Here is my docker compose yml file contents.
nginx:
image: nginx_image
links:
- node1:node1
- node2:node2
- node3:node3
ports:
- "80:80"
node1:
image: nodeapi_image
ports:
- "8001"
node2:
image: nodeapi_image
ports:
- "8001"
node3:
image: nodeapi_image
ports:
- "8001"
and here my nginx.conf
worker_processes 4;
events { worker_connections 1024; }
http {
upstream node-app {
least_conn;
server node1:8001 weight=10 max_fails=3 fail_timeout=30s;
server node2:8001 weight=10 max_fails=3 fail_timeout=30s;
server node3:8001 weight=10 max_fails=3 fail_timeout=30s;
}
server {
listen 80;
listen 443 ssl;
# ssl on;
ssl_certificate /etc/nginx/ssl/imago.io.chain.crt;
ssl_certificate_key /etc/nginx/ssl/imago.io.key;
location / {
proxy_pass http://node-app;
proxy_http_version 1.1;
proxy_set_header Upgrade $http_upgrade;
proxy_set_header Connection 'upgrade';
proxy_set_header Host $host;
proxy_cache_bypass $http_upgrade;
}
}
}
If I have a new built image I want to deploy I have to stop a node container, remove it and recreate it with the new image.
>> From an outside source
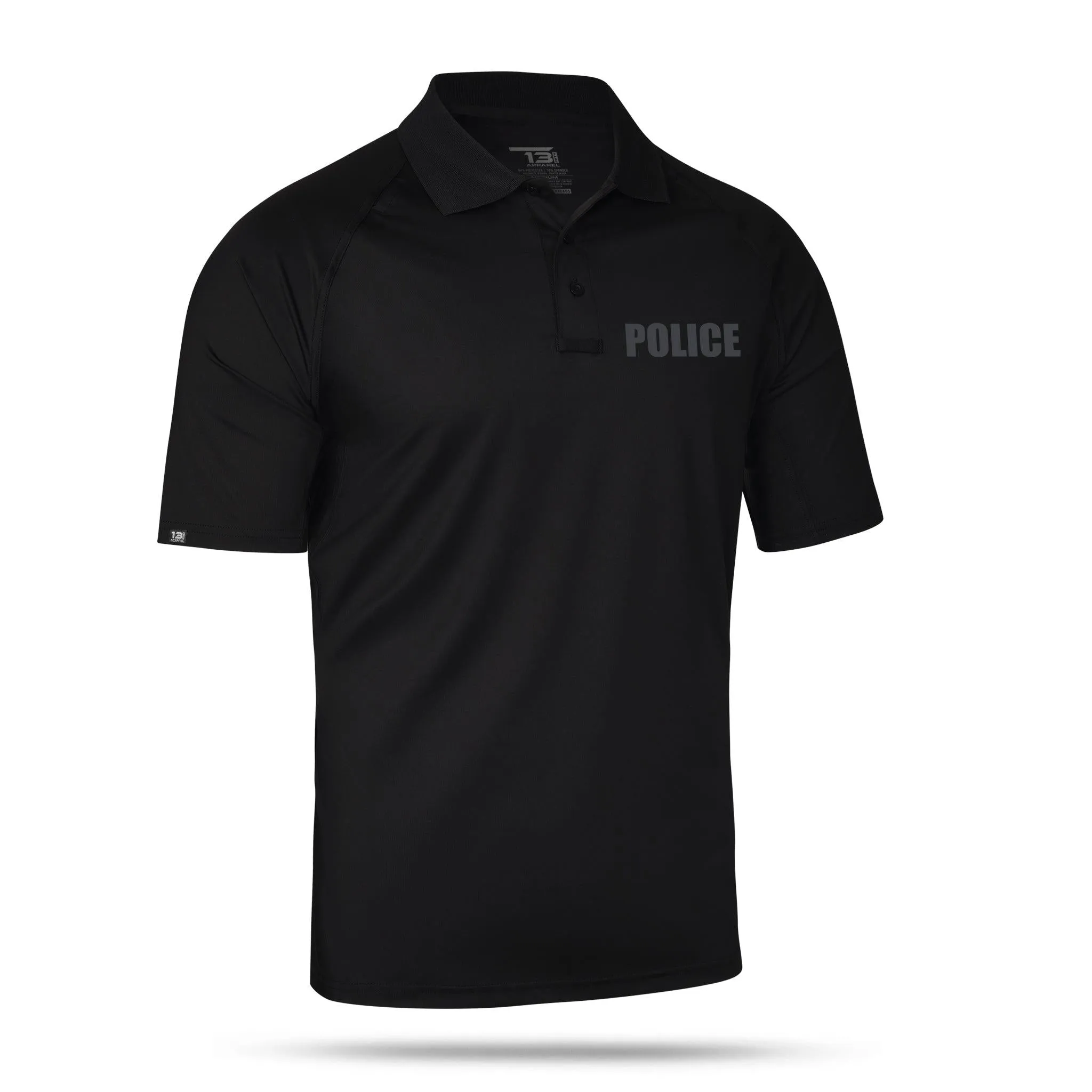 [POLICE] Men's Performance Polo [BLK/BLK]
The problem here is that the new container will get a new IP and the nginx container doesnt know about that new IP, so if I recreate the 3 containers behind the load balancer once I recreate the last one the app wont serve any more because all IPs in the nginx machines /etc/hosts
and environment vairables are not up to date any more.
I could SSH in to each container, update its code by pulling from the git repo and restart the process but that seems just wrong to me. What is the right way to do this?